◆ WHAT YOU HAVE TO DO
Keep to one stretch of the data below, the lines from the one with "Miniatura 8 de" up to and including the one with "Sdotter Tumeric Soap", and return that stretch exactly.

- Opening Delimiter -

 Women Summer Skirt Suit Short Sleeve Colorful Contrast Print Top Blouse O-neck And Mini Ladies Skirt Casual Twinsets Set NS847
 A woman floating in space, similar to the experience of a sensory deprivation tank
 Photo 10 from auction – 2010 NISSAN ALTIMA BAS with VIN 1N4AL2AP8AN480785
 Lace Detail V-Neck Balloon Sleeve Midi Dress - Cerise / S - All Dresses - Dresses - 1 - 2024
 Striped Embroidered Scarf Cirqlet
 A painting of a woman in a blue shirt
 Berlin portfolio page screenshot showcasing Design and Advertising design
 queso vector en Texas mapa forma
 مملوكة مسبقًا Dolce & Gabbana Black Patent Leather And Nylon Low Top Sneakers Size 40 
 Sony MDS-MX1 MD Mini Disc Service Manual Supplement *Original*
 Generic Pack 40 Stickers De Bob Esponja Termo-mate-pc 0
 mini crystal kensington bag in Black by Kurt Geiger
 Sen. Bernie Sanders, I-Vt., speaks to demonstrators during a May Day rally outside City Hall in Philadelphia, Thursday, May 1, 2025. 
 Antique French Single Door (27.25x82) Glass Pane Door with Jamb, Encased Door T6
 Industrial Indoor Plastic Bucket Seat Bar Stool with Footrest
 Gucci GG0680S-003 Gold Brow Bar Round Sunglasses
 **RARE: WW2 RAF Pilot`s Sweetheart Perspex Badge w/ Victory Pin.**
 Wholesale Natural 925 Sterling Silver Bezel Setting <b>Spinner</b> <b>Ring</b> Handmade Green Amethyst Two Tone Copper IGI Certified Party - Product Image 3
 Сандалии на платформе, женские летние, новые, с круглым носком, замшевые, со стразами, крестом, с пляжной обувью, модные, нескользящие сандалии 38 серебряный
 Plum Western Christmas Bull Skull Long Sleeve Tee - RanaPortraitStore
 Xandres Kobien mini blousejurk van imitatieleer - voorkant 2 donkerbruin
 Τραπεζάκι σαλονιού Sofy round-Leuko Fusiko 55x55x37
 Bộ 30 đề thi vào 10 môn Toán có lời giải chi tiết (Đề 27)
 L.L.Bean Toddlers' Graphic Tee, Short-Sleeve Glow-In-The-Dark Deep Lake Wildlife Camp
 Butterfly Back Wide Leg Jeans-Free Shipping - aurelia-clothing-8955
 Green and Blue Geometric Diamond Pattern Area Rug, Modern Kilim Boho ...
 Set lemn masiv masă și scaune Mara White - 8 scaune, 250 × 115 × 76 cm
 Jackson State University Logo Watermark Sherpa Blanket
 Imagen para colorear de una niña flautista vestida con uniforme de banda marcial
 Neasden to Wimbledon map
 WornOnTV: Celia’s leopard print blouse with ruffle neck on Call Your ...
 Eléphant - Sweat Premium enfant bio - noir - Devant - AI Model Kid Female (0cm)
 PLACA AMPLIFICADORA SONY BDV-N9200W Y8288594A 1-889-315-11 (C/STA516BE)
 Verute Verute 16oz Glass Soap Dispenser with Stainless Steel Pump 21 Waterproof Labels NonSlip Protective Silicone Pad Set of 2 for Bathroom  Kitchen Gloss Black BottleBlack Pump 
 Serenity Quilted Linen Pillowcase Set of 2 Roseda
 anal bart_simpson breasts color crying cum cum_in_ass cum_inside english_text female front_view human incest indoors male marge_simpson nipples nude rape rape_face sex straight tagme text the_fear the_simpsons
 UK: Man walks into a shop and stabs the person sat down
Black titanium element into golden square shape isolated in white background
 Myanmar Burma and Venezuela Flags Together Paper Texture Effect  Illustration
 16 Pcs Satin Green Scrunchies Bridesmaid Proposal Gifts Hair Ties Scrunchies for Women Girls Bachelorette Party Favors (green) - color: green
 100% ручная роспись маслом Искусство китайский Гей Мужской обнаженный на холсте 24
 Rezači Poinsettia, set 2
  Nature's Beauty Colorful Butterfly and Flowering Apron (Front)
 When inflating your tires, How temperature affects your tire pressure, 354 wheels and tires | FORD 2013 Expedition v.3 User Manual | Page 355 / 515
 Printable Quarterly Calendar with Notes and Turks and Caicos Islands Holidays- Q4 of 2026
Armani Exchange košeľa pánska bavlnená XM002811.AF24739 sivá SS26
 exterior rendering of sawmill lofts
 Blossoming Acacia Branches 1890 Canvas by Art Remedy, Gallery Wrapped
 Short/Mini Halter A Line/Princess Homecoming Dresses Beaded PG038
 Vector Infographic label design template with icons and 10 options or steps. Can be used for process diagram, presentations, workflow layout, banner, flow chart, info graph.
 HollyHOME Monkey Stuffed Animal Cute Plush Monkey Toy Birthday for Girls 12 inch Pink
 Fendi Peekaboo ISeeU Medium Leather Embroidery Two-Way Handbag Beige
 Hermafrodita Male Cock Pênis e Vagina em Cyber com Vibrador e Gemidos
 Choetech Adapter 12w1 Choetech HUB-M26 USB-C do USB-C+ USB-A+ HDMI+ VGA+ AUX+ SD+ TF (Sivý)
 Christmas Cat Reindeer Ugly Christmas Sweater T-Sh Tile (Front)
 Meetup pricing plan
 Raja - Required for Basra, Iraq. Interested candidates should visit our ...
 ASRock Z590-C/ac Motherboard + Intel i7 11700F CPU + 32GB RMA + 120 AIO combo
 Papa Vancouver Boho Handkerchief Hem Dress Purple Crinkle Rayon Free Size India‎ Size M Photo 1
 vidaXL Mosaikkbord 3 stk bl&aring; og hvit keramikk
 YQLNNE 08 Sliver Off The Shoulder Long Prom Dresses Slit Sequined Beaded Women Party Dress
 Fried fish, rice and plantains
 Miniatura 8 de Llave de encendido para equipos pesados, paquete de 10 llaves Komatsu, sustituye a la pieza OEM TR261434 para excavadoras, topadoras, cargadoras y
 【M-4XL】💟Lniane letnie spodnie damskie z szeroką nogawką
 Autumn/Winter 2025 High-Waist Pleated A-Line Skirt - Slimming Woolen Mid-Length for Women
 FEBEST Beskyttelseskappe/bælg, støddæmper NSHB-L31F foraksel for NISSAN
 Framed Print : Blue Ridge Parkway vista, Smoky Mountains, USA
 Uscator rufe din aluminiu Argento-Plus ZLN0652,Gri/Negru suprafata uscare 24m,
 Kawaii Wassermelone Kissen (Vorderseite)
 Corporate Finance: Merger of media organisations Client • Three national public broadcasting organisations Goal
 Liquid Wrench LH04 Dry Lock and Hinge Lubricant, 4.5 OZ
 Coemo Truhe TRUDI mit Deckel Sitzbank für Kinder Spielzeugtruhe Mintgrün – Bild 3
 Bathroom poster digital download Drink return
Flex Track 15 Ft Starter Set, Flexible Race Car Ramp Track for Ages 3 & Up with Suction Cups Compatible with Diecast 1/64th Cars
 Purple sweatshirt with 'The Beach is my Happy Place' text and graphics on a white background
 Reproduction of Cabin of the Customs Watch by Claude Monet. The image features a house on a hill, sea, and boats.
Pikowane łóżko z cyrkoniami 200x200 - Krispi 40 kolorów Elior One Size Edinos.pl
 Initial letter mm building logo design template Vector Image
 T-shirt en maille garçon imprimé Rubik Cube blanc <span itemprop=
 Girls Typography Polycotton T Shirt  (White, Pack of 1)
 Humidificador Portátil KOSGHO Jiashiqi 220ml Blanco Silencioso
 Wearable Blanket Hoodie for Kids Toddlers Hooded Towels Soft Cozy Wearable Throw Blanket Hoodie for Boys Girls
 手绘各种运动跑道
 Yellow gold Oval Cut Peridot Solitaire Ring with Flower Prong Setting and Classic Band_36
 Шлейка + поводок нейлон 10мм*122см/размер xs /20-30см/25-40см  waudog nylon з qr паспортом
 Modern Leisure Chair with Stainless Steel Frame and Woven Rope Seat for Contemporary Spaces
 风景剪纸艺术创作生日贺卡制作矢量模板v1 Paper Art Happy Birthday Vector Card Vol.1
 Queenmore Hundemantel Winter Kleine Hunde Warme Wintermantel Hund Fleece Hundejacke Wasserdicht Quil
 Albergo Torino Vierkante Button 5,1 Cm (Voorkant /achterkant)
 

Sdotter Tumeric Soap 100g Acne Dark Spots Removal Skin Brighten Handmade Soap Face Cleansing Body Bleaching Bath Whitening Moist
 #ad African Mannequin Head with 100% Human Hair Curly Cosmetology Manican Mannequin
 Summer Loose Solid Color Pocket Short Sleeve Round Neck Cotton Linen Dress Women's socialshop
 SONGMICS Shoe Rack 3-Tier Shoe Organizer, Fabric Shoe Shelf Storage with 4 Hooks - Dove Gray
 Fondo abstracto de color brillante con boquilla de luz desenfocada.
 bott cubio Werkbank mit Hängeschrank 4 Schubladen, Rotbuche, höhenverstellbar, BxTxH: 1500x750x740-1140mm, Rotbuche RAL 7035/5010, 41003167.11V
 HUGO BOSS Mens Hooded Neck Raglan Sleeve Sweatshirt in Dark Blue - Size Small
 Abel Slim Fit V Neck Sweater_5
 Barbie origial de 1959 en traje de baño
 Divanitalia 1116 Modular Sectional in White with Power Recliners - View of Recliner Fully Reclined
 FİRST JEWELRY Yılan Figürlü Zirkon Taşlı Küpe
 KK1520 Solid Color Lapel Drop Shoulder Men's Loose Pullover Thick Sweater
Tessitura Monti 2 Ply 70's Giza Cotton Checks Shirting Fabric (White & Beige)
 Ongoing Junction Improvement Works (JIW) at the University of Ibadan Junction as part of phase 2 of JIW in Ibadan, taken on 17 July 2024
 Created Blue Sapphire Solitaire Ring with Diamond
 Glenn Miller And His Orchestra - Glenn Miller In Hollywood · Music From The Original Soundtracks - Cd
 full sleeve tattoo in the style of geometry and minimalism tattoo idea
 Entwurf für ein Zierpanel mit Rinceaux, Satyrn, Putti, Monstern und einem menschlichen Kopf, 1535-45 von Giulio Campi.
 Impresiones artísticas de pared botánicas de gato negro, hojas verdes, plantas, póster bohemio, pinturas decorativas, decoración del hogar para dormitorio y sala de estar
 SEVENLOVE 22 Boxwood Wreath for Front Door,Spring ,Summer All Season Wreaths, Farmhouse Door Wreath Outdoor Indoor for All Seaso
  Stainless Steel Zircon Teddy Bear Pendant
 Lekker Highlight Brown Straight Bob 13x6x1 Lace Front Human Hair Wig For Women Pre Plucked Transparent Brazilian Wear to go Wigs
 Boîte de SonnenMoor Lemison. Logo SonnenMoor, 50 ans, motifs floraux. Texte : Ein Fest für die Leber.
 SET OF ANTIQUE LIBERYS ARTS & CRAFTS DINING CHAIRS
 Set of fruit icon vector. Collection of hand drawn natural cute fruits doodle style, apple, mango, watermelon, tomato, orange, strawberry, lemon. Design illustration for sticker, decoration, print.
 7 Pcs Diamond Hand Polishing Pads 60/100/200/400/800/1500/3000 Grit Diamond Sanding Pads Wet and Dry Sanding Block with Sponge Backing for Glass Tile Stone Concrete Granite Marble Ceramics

- Closing Delimiter -

◆ WRITTEN ANSWER
 Miniatura 8 de Llave de encendido para equipos pesados, paquete de 10 llaves Komatsu, sustituye a la pieza OEM TR261434 para excavadoras, topadoras, cargadoras y
 【M-4XL】💟Lniane letnie spodnie damskie z szeroką nogawką
 Autumn/Winter 2025 High-Waist Pleated A-Line Skirt - Slimming Woolen Mid-Length for Women
 FEBEST Beskyttelseskappe/bælg, støddæmper NSHB-L31F foraksel for NISSAN
 Framed Print : Blue Ridge Parkway vista, Smoky Mountains, USA
 Uscator rufe din aluminiu Argento-Plus ZLN0652,Gri/Negru suprafata uscare 24m,
 Kawaii Wassermelone Kissen (Vorderseite)
 Corporate Finance: Merger of media organisations Client • Three national public broadcasting organisations Goal
 Liquid Wrench LH04 Dry Lock and Hinge Lubricant, 4.5 OZ
 Coemo Truhe TRUDI mit Deckel Sitzbank für Kinder Spielzeugtruhe Mintgrün – Bild 3
 Bathroom poster digital download Drink return
Flex Track 15 Ft Starter Set, Flexible Race Car Ramp Track for Ages 3 & Up with Suction Cups Compatible with Diecast 1/64th Cars
 Purple sweatshirt with 'The Beach is my Happy Place' text and graphics on a white background
 Reproduction of Cabin of the Customs Watch by Claude Monet. The image features a house on a hill, sea, and boats.
Pikowane łóżko z cyrkoniami 200x200 - Krispi 40 kolorów Elior One Size Edinos.pl
 Initial letter mm building logo design template Vector Image
 T-shirt en maille garçon imprimé Rubik Cube blanc <span itemprop=
 Girls Typography Polycotton T Shirt  (White, Pack of 1)
 Humidificador Portátil KOSGHO Jiashiqi 220ml Blanco Silencioso
 Wearable Blanket Hoodie for Kids Toddlers Hooded Towels Soft Cozy Wearable Throw Blanket Hoodie for Boys Girls
 手绘各种运动跑道
 Yellow gold Oval Cut Peridot Solitaire Ring with Flower Prong Setting and Classic Band_36
 Шлейка + поводок нейлон 10мм*122см/размер xs /20-30см/25-40см  waudog nylon з qr паспортом
 Modern Leisure Chair with Stainless Steel Frame and Woven Rope Seat for Contemporary Spaces
 风景剪纸艺术创作生日贺卡制作矢量模板v1 Paper Art Happy Birthday Vector Card Vol.1
 Queenmore Hundemantel Winter Kleine Hunde Warme Wintermantel Hund Fleece Hundejacke Wasserdicht Quil
 Albergo Torino Vierkante Button 5,1 Cm (Voorkant /achterkant)
 

Sdotter Tumeric Soap 100g Acne Dark Spots Removal Skin Brighten Handmade Soap Face Cleansing Body Bleaching Bath Whitening Moist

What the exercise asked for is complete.